■ Prompt: Look for "Gekijouban Fate/Kaleid Liner" in the records below, then copy that line and every line after it, exactly and with nothing added.

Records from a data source

*-*-*

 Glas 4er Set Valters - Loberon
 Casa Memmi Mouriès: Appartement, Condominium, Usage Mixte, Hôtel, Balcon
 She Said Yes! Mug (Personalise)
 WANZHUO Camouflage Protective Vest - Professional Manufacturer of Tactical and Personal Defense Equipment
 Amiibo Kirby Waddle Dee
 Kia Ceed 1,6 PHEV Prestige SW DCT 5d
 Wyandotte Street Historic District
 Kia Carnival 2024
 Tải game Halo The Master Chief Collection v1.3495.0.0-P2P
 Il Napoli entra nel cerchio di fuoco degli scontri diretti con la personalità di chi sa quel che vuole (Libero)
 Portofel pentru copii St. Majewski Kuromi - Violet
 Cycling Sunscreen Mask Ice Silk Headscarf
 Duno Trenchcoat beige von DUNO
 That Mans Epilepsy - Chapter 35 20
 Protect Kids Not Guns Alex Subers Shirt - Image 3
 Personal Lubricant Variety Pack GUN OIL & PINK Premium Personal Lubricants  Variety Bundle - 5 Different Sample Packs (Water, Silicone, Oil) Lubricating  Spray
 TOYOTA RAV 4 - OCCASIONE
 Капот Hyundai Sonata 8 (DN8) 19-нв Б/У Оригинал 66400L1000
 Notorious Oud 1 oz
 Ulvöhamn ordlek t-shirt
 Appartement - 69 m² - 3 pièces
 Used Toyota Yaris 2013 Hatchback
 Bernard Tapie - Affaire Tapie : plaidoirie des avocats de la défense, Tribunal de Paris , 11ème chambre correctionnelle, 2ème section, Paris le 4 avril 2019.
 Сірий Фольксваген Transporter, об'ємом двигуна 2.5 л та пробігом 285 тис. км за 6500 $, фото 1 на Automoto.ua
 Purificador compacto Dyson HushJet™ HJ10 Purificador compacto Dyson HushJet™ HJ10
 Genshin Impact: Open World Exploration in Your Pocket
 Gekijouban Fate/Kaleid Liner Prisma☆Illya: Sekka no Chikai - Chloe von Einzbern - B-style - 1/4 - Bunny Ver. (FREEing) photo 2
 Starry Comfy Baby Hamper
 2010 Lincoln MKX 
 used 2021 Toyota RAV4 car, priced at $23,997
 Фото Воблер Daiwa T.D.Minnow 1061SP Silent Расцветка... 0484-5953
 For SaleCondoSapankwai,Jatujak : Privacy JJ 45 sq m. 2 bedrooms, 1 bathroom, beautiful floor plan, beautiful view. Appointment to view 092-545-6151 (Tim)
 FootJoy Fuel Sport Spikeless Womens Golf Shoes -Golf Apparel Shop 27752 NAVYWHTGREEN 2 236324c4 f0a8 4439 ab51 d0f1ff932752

*-*-*

■ Answer to the problem:
 Gekijouban Fate/Kaleid Liner Prisma☆Illya: Sekka no Chikai - Chloe von Einzbern - B-style - 1/4 - Bunny Ver. (FREEing) photo 2
 Starry Comfy Baby Hamper
 2010 Lincoln MKX 
 used 2021 Toyota RAV4 car, priced at $23,997
 Фото Воблер Daiwa T.D.Minnow 1061SP Silent Расцветка... 0484-5953
 For SaleCondoSapankwai,Jatujak : Privacy JJ 45 sq m. 2 bedrooms, 1 bathroom, beautiful floor plan, beautiful view. Appointment to view 092-545-6151 (Tim)
 FootJoy Fuel Sport Spikeless Womens Golf Shoes -Golf Apparel Shop 27752 NAVYWHTGREEN 2 236324c4 f0a8 4439 ab51 d0f1ff932752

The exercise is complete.